Easter Aquhorthies

Easter Aquhorthies (i.e. apocathery) has eleven stones in a circle and in between the two south-to-south-west stones is a large (bridging) recumbent stone, more commonly found in Scottish circles  and associated (by Alexander Thom) to lunar observatories because, in Scotland at lunar maximum standstill, the moon can rest upon or be hidden by a raised horizon.

Picture by krautrock, a member of megalithic.co.uk in June 2010.

Figure 1 Alexander Thom’s site plan, with cardinal directions and highlighting the diameter .

It is tempting to assume geometry within stone circles and this one invites that by having eleven regularly placed stones,. However, 11 is rarely found in regular geometries or stone circles. But,

  1. Eleven is associated (geometrically) with the simplest approximate ratio for pi, of 22/7 and, being on a circle perimeter 22 units on the perimeter means 7 as the diameter. However, the diameter here is 7 x 9 = 63 so that 7 units of 9 feet in diameter translates into 22 x 9 = 198 feet on the circumference.
  2. The second symbolism of eleven is found in the solar time cycles of 33 years which traditionally references as the Solar Hero cycle as the age when heroes die. 33 years was signified in this way because of an exact alignment, at which Equinox sunrise should repeat on the distant horizon every 33 years. While the solar year is 365 whole days long it takes an extra 32/132 of a day for the Earth’s orbit to complete, and this fraction (of 32/132) depends upon 4 x 33 = 132 losing its 33, 33 years after an earlier Equinox on the horizon. (Note that one did not need to know the data and then calculate, as we do today: instead, observation of in-exact solar risings or settings could notice near exact repetitions occurring after 8 years, but more perfectly after 33 years.
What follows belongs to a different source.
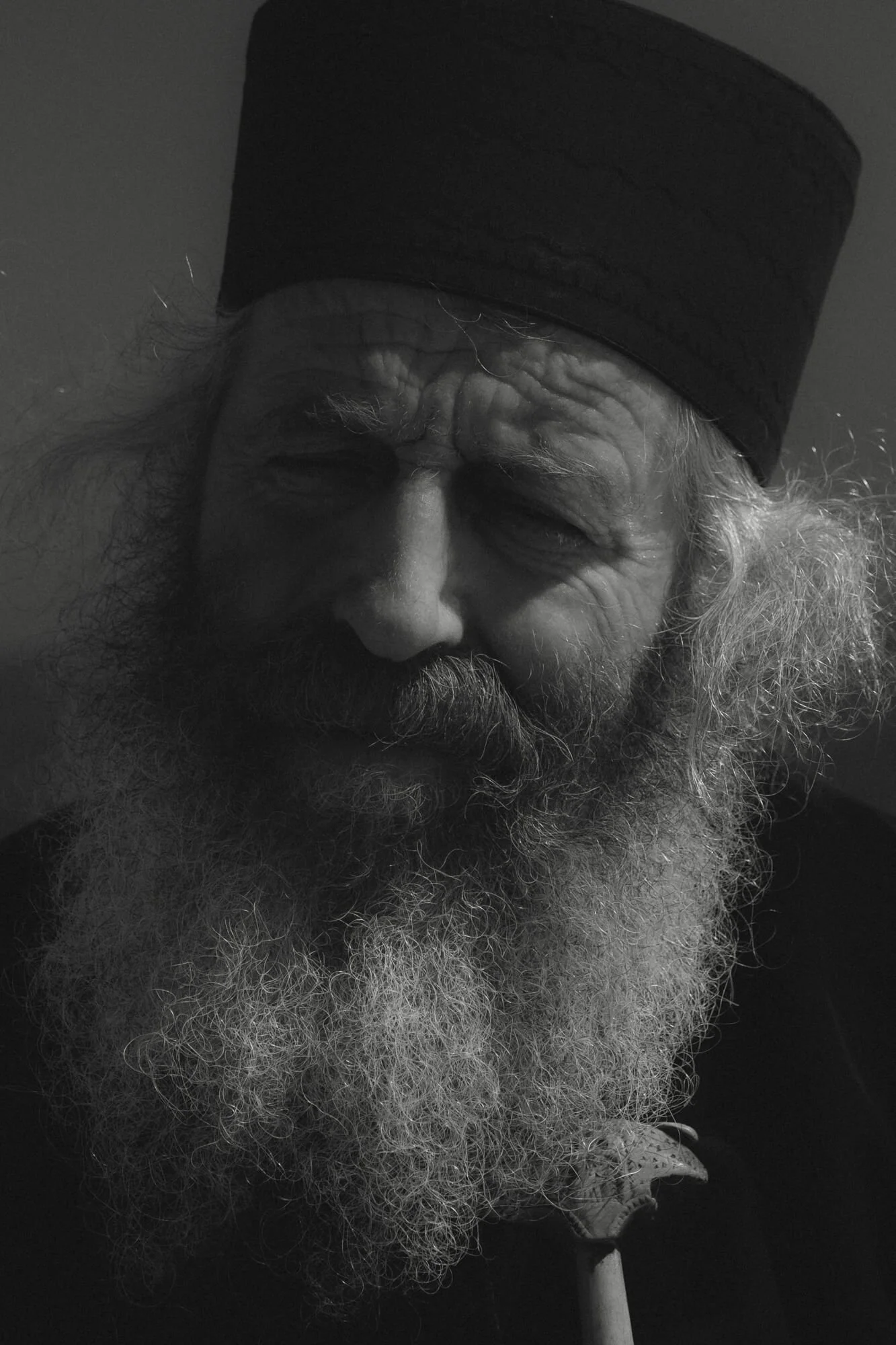 Black and white close-up photo of an elderly man with a long white beard, curly hair, wearing a black beanie, with a somber expression.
Returning to the circle, the circumference of this stone circle is 198 feet which is 6 x 33 = 198 so that the 11 stones may be referencing 33 solar years.

The 33-year period is strangely linked to the movement of the moon’s nodes, which take 18.618 years (of the nodal period) to progress once around the path of the sun (ecliptic). The area under this precession of the lunar nodes (pi x 18.618^2 = 1,088.970022752789) relative to the earth it orbits, which closely equals the area of a square of side 33 x 33 = 1,089.
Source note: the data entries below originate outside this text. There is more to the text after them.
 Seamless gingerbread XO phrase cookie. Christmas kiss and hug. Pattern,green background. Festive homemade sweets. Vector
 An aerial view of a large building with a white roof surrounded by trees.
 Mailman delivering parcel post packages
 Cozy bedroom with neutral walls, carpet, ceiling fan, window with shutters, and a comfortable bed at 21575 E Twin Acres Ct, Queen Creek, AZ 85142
The megalithic and ancient world both made monuments conforming to the equal area and equal perimeter geometries and even though the equal area situation is proven unsolvable, one sees that (before the notion of an analytic solution) a perfect example was found of a workable pair of numbers (33 years and 18.618 years) was available as these two very significant astronomical time periods.
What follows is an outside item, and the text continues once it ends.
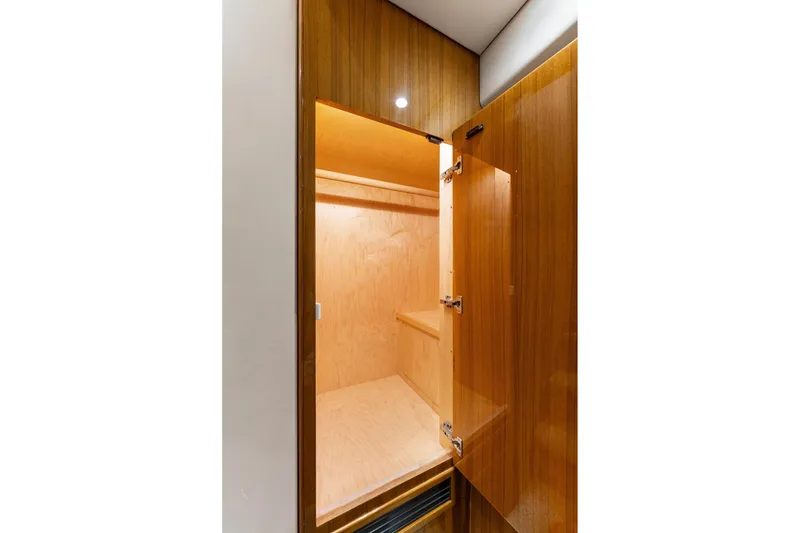 Slide: The Image of Wooden interior storage space on a 2018 Viking 44 Express yacht. - 110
If the circle is 63 feet in diameter, then one divided by 14 and multiplied by 11 to obtains the square of equal perimeter: 63 x 11/14 = 49.5, which is 99/2 feet on the side. This can then establish the radius of the circle as 18.618 of the same units: When divided by 33, 99/2 becomes 3/2 which is the unit for the radius of the circle of equal namely 18.618 x 3/2 = 27.927 or nearly 28 feet. Below is a picture showing the square and the circle, equal in area in red while the perimeter of the stone circle is equal in perimeter to the red square.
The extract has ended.